Step 2: Interested states include the CEIP as part of their implementation approach. States must submit a plan to EPA that details how they will implement the Clean Power Plan. States that opt-in to the CEIP would have to declare that as part of their plan, and then they could receive the EPA match. If states opt out, then clean energy projects within their borders would not be eligible.
Step 3: New clean energy projects are developed in participating states. CEIP credits go only to new projects – renewable projects that start generating electricity on or after Jan. 1, 2020 or low-income energy-efficiency projects that start delivering energy savings on or after Sept. 6, 2016.

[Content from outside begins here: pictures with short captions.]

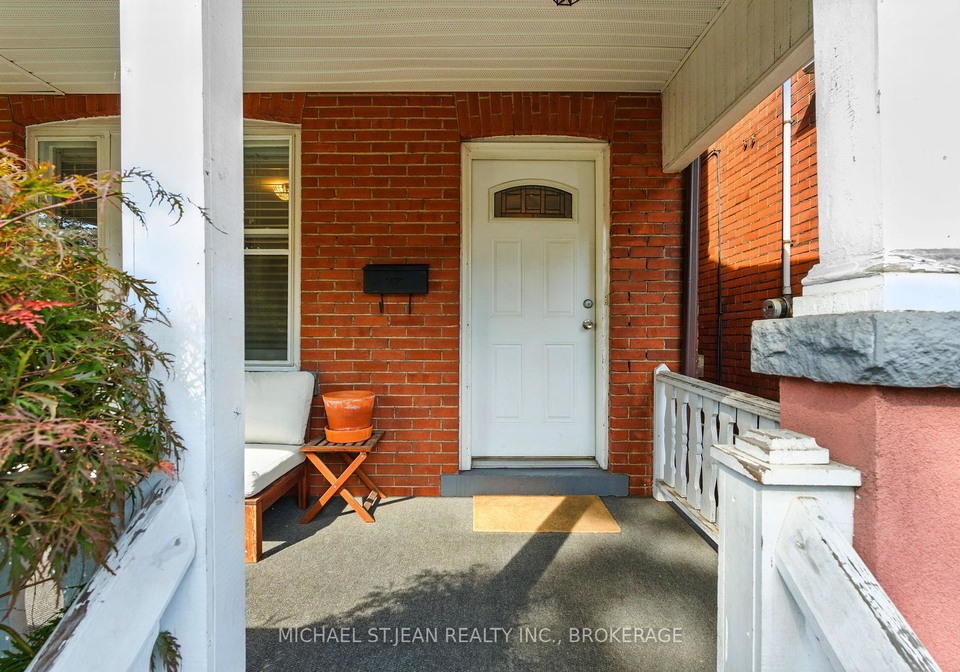 119-rosslyn-avenue-n-hamilton-ontario-x12415614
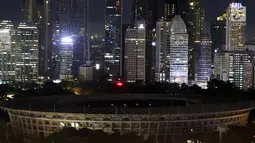 Suasana Stadion Utama Gelora Bung Karno (GBK) saat lampu dipadamkan pada peringatan Earth Hour 2018 di Jakarta, Sabtu (24/3). Peringatan Earth Hour di Jakarta untuk pertama kalinya digelar di GBK setelah direnovasi. (Liputan6.com/Johan Tallo)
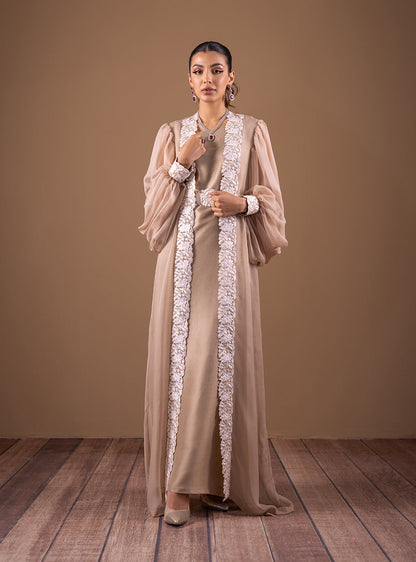 Zainab Chottani | Semi Formals | CHAMPAGNE FLOW
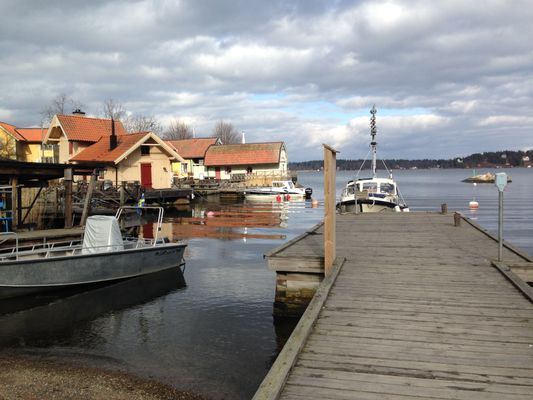 Vaxholm ligger 10 min med bil eller båt från Resarö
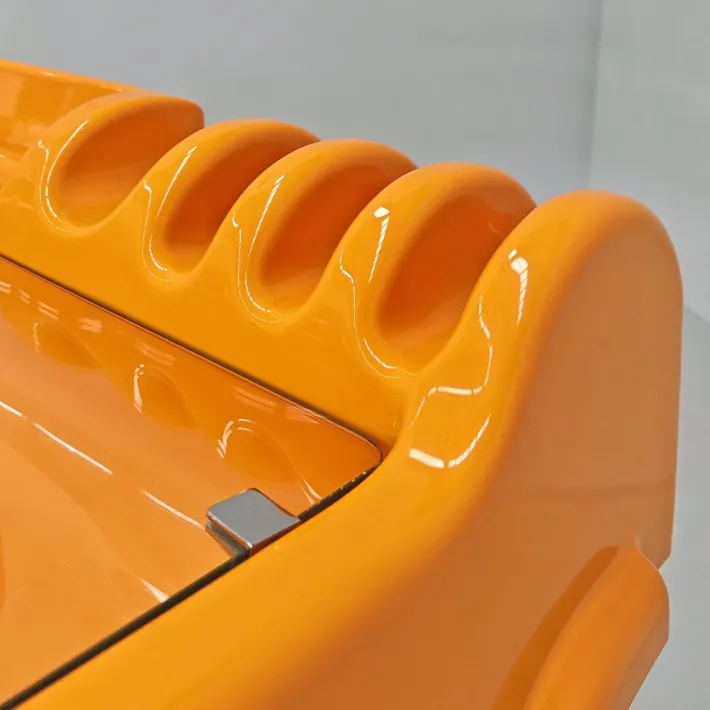 Pamono Space Age Orix Desk by V. Parigi and N. Prina for Molteni, 1971 Discount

Step 4: New clean energy projects benefit the community. CEIP credits are awarded for electricity generated (renewables) or saved (energy efficiency) in 2020 and 2021. Starting in 2022, these projects are eligible for other financing opportunities under the Clean Power Plan.
Step 5: CEIP projects receive tradeable credits. States will verify how much clean energy a project is producing, then distribute the appropriate amount of CEIP credits (half from the state’s pool and half from EPA) to eligible projects. The project developers that receive the credits can sell them to power plants that need them to comply with the Clean Power Plan. CEIP projects don’t need the credits themselves because only fossil fuel-fired power plants are covered by the regulation. The value of CEIP credits will be determined by how power plants reduce their emissions.
The dates in the CEIP design details may change, depending upon the outcome of the legal challenge against the Clean Power Plan.
The CEIP will be open for public comment this summer. Once finalized, it will help promote new clean energy development in communities across the country. Its focus on low-income communities aligns it with other city priorities in addition to fighting climate change. The short timeframe of the program will make public-private collaboration a key to success in attracting CEIP projects.
C2ES, through our Alliance for a Sustainable Future with The U.S. Conference of Mayors, can be a valuable resource on climate policies like the CEIP. By communicating technical information in a meaningful way and facilitating the conversations between cities and businesses, we can advance clean and efficient energy.